Prescreve o art. 219º-1 e 3, do CPP (na redacção dada pela Lei 48/2007, de
29/08) o seguinte:
(…)
Com a lei nova, art. 219º-1, do CPP, o legislador restringiu a intervenção do
Ministério Público em sede de interposição de recurso: só o pode fazer em
benefício do arguido (para salvaguarda dos interesses deste).
Por ter sido pedido um agravamento das medidas de coacção o arguido, por certo,
não terá interesse em recorrer.
Com relatamos supra foi o Ministério Público que requereu a aplicação da medida,
e quando o fez por certo que não agiu em benefício do arguido e, assim sendo,
não pode recorrer da decisão.
Ora o Código de Processo Penal contém um regime geral de recursos (artigos 399.º
e seguintes) e um regime especial para o recurso das decisões que apliquem ou
mantenham medidas de coacção (artigo 219.º).
No regime geral de recursos, cabe recurso de todas as decisões cuja
irrecorribilidade não estiver previsto na lei (artigo 399.º do CPP).
No regime especial de recurso das medidas de coacção, apenas cabe recurso das
decisões que apliquem ou mantenham medidas de coacção (artigo 219.º do CPP).
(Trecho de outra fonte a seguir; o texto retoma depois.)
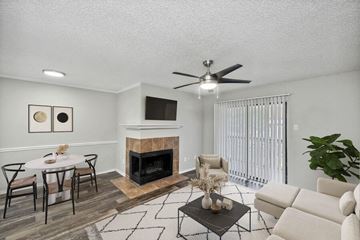 Dallas apartment for rent - a living room with a fireplace and a dining table
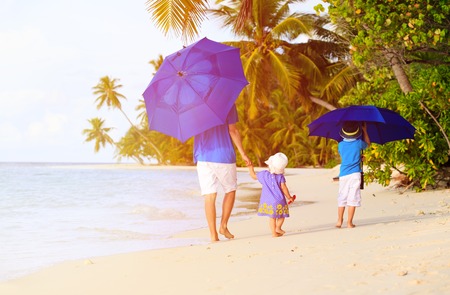 Father and two kids at beach with umbrellas to hide from sunの写真素材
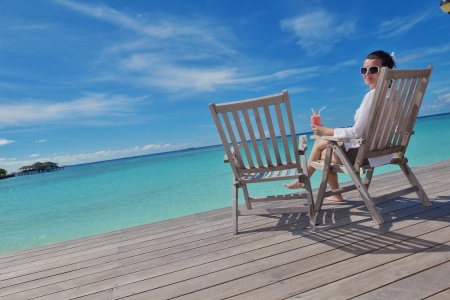 Beautiful young woman in bikini lying on a deckchair with a drink by the seaの写真素材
Deste modo consideramos que os invocados princípios da legalidade e igualdade
bem como a alegada função constitucional do Mº Pº de defensor da legalidade
democrática, não podem sobrepor-se à vontade expressa e inequívoca do
legislador».
4. O Ministério Público requereu então a este Tribunal a apreciação dos nºs 1 e
3 do artigo 219º do Código de Processo Penal, enquanto não admitem a
interposição de recurso por parte do Ministério Público de decisão que não
aplique medidas de coacção, por violação do princípio constitucional da
legalidade do processo penal, previsto nos artigos. 32º e 165º, nº 1, alínea c),
do princípio da igualdade, consagrado no artigo 13º, da função constitucional do
Ministério Público de defensor da legalidade democrática, estabelecida no artigo
219º, nº 1, e do princípio fundamental que tutela o acesso ao direito por parte
do Ministério Público, enquanto representante do Estado/Comunidade, resultante
do conjugadamente disposto nos artigos 2º, 20º e 219º, nº 1, todos da
Constituição da República.
5. Notificados o recorrente e o recorrido, alegou o Ministério Público,
sustentando, entre o mais, o seguinte:
«2. Apreciação do mérito do recurso
2.1.A questão de inconstitucionalidade que constitui objecto do recurso (embora
com formulações não totalmente coincidentes, contudo irrelevantes), já foi
trazida anteriormente a este Tribunal (Processo nºs 379/08, da 3ª Secção, 41/09,
da 2ª Secção e 228/09, da 1ª Secção).
Nesses processos decidiu-se não tomar conhecimento dos recursos.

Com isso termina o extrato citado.